* **Assigned task**:
Scan the records below for the line with "Шильдик и схема электрического присоединения" and the line with "NFL Detroit Lions". Repeat those two lines and every line between them exactly, and nothing else.

* **Collected data entries**:
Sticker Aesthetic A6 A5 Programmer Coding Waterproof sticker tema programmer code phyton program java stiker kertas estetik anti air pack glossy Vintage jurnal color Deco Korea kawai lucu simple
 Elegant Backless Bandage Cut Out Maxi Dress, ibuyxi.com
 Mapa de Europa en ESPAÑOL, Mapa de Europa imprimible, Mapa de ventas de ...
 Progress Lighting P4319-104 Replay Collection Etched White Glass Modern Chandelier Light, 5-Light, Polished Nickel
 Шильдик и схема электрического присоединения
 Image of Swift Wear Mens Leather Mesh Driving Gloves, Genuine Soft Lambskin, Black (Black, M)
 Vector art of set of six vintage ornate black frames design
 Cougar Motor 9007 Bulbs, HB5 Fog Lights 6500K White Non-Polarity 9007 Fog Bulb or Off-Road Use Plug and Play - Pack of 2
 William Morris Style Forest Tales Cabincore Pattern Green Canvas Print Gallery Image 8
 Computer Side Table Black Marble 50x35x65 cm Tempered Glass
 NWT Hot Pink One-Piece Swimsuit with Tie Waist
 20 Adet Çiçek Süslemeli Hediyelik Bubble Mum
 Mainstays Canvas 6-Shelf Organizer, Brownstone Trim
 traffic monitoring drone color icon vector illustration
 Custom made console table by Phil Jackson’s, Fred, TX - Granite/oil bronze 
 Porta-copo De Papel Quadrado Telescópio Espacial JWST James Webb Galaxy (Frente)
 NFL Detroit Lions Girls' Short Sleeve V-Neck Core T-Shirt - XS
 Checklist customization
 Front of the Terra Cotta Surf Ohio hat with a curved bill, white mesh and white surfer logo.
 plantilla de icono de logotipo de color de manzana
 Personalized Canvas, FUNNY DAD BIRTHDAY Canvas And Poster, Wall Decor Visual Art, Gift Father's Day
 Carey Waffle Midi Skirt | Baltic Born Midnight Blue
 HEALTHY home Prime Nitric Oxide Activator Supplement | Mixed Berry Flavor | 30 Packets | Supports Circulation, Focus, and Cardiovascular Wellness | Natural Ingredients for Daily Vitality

* **Solved problem**:
 Шильдик и схема электрического присоединения
 Image of Swift Wear Mens Leather Mesh Driving Gloves, Genuine Soft Lambskin, Black (Black, M)
 Vector art of set of six vintage ornate black frames design
 Cougar Motor 9007 Bulbs, HB5 Fog Lights 6500K White Non-Polarity 9007 Fog Bulb or Off-Road Use Plug and Play - Pack of 2
 William Morris Style Forest Tales Cabincore Pattern Green Canvas Print Gallery Image 8
 Computer Side Table Black Marble 50x35x65 cm Tempered Glass
 NWT Hot Pink One-Piece Swimsuit with Tie Waist
 20 Adet Çiçek Süslemeli Hediyelik Bubble Mum
 Mainstays Canvas 6-Shelf Organizer, Brownstone Trim
 traffic monitoring drone color icon vector illustration
 Custom made console table by Phil Jackson’s, Fred, TX - Granite/oil bronze 
 Porta-copo De Papel Quadrado Telescópio Espacial JWST James Webb Galaxy (Frente)
 NFL Detroit Lions Girls' Short Sleeve V-Neck Core T-Shirt - XS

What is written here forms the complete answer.